I’m slowly learning that most people in this world aren’t good or bad, we’re all just a mess of emotions trying to function as best as we can. My partners that were at ‘fault’ were simply reacting to my anxious behaviours.
It takes two to make a relationship. However, it also takes two to make it fall apart. So, I started self-reflecting. It is important to note that I wasn’t doing this for emotional self harm. I was doing this to take note of the ugly parts of myself. If I don’t know what’s wrong, how can I even begin healing anxious attachments?
I slowly picked up my own protest behaviours. Trying to get their attention when they requested space. Crossing their own boundaries. Making jealousy filled remarks. It wasn’t pretty.
However, in a weird way, I’m glad that I did it. I got to meet a new part of myself. It’s not a ‘bad’ part of myself but it’s a part that I’d like to explore. Why do I do these behaviours? What do I hope to gain? Am I doing this subconsciously?
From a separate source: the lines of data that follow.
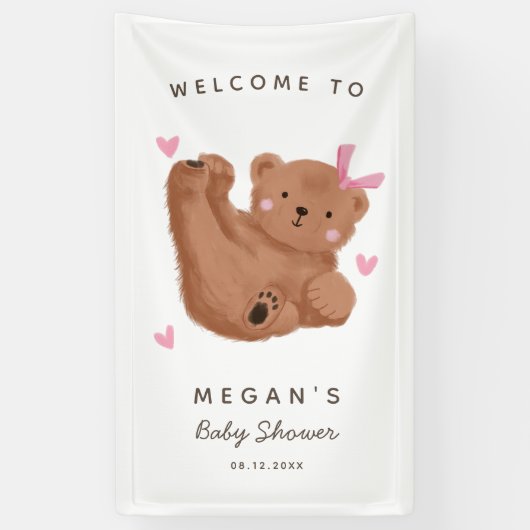 Banderoles Cube Cub Ours Baby shower Rose Accueil (Vertical)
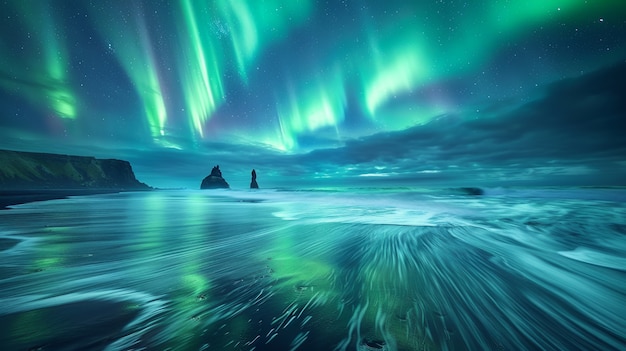 Le paysage de l'aurore boréale au-dessus de la mer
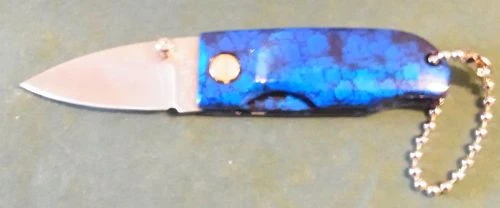 Klappmesser Schlüsselkette blau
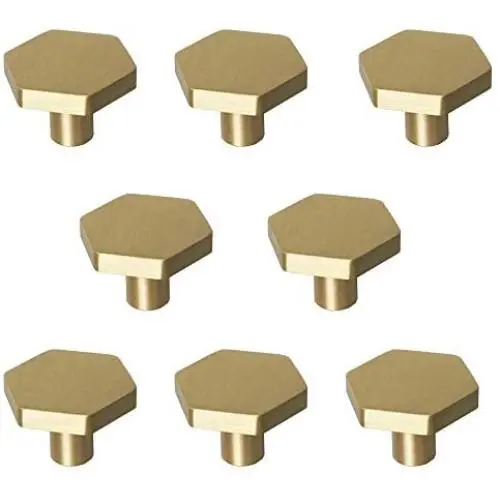 RZDEAL 1-1/10'' Solid Brass Knobs Shoe Cabinets Knob and Pulls Brushed Gold Hexagon Handles for Dresser Drawer (8Pcs) RZDEAL 1-1/10'' Solid Brass Knobs Shoe Cabinets Knob and Pulls Brushed Gold Hexagon Handles for Dresser Drawer (8Pcs)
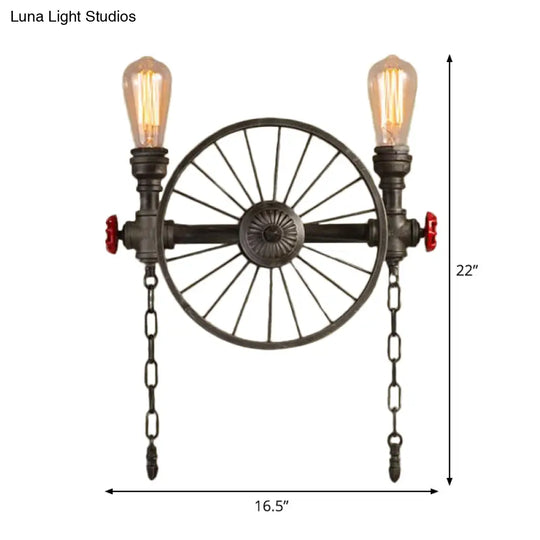 Bronze Steampunk Wall Sconce With Chain And Valve - 2/4-Head Iron Light Fixture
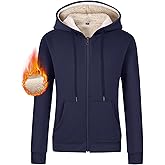 Gihuo Women's Sherpa Lined Hooded Sweatshirt Zip Up Winter Warm Hoodie Comfy Hooded Fleece Jacket
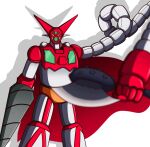  absurdres axe cape drill drill_hand getter-1 getter-2 getter-3 getter_robo getter_robo_(1st_series) highres holding holding_axe holding_weapon mecha mecha_focus no_humans robot solo super_robot tomahawk weapon yellow_eyes zeon132 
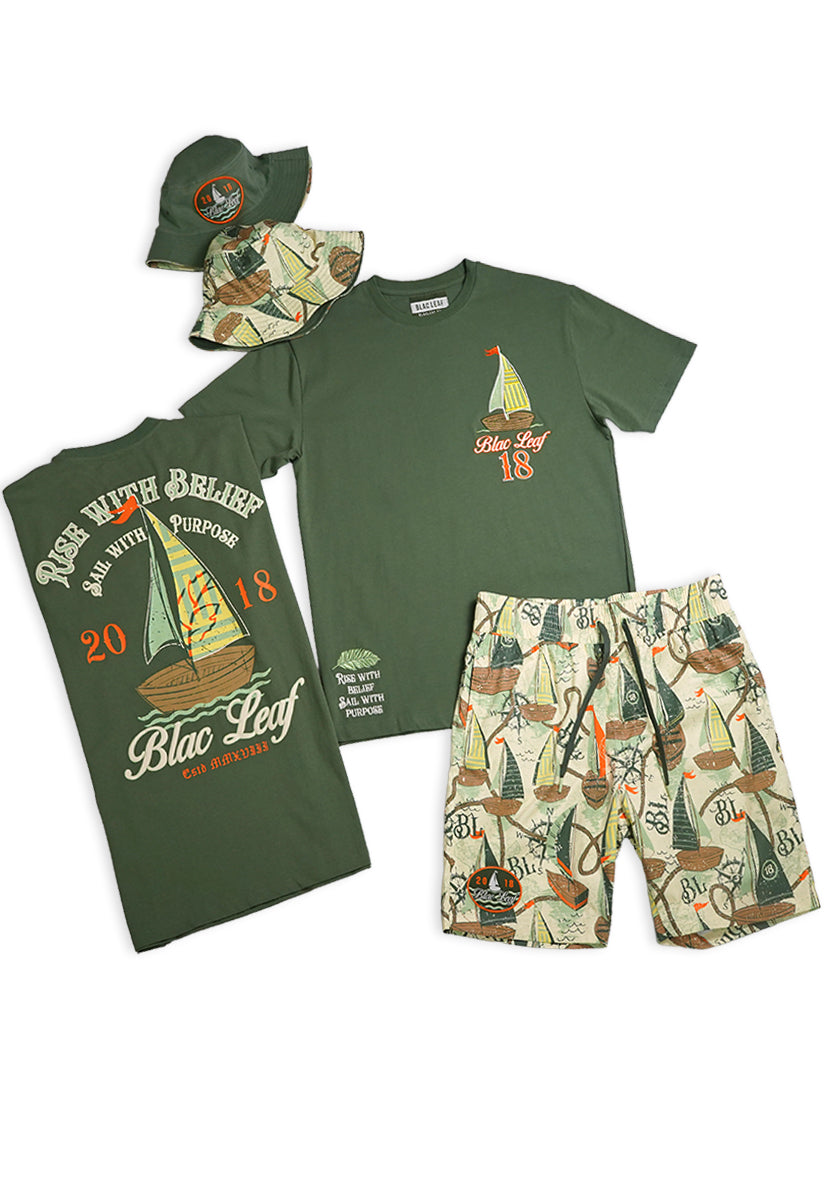Rise With Belief T-Shirt, AOP Shorts and Bucket Hat Bundle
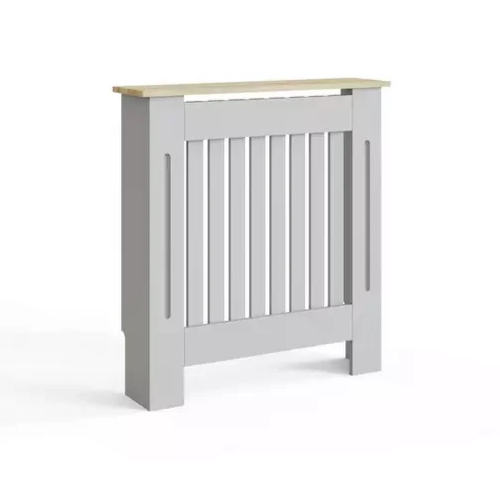 GFW Longslow Small Radiator Cover Grey & Oak | Modern Radiator Cabinet Furniture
I truly believe that acknowledging and exploring these behaviours is a crucial step to healing anxious attachments.
These are just 5 of the many realizations that I have made when exploring attachment theory. Do you recognize any of these behaviours in yourself? I know it’s a truly uncomfortable topic but it is important to talk about these things. Don’t feel ashamed because you may be anxious or avoidant. However, don’t feel powerless to it. You can always make a change. It all starts with a decision to do so.